What skills are needed for this role?
Good commercial awareness is essential to engage fully with your clients. You need to be able to read an organisation’s strategy or target operating model and understand where they will need to build capacity to achieve this and identify where the performance gaps might lie.
As a minimum you need a deep understanding of the behavioural sciences especially leadership, group dynamics and work design.
Listening skills and emotional intelligence. You need to have the ability to understand your client’s perspective and really understand what influences are shaping their decisions and interpretation of situations. You may not agree with their actions but if you can understand what’s driving their behaviour you can work you can develop a partnership to help drive change. As you meet different stakeholders, you start to identify patterns and put the pieces of the jigsaw together to develop a complete picture of how an organisation operates. This helps you to get to the heart of the matter and enables you to identify what are the symptoms, and what are the fundamental causal problems you need to address in a system.
What challenges do you face in this role?
Getting a whole organisation to buy-in to the solutions we come up with. The commissioner of the work is usually onboard, however, the challenge is identifying and engaging with stakeholders who may perceive our work as threatening or just another ‘HR fad’. The key is to engage them early in the design of the solution so that they feel part of the process and can see the value that your work will bring to their area of responsibility.
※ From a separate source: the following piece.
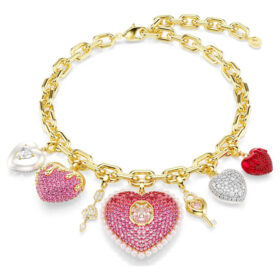 Collier Idyllia : coupes variées, cœur, clé, multicolore, plaqué or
The other challenge I face when running a consultancy is striking a balance between delivering work and generating new work. Organisation development solutions are often quite complex and all consuming, so you need to be disciplined and be thinking 6 months into the future to ensure you have a healthy pipeline of work.
What keeps you motivated to go into work every day?
There is a lot of unnecessary stress and challenge within organisations. As an external consultant you’re able to take a unique view of an organisation and use your role to connect different stakeholder groups who may not work easily together and facilitate a more constructive relationship. Organisation development allows you to make a fundamental difference to people’s working lives and improve the conditions they find themselves in. The great thing is that if you improve the culture and the system that employees work in, business results will improve as well!
What advice would you give someone considering a career in organisation development & design?
You need to have an absolute commitment to learning as new research is constantly emerging. I’d recommend an academic course with a practical component. As Kurt Lewin, the father of the organisation development profession, said, “there is nothing so practical as a good theory”. The workplace is changing so it’s important to stay informed of the impact of trends such as technology, flexible working and diversity and inclusion.
You need to be open minded and be able adapt your approach to different situations. You will learn as much from your clients as they learn from you. No two organisations are the same and therefore no two solutions you design are the same!
You also need to have a systemic way of seeing organisations and be able conceptualise how the different parts connect to each other. This allows you to think through how your intervention will affect the organisation. All OD interventions have unintended consequences!
Finally, I’d also recommend gaining experience in project management, as most of your work is based around initiating and executing pieces of work around specific timelines. It’s a great discipline to have and clients really appreciate it.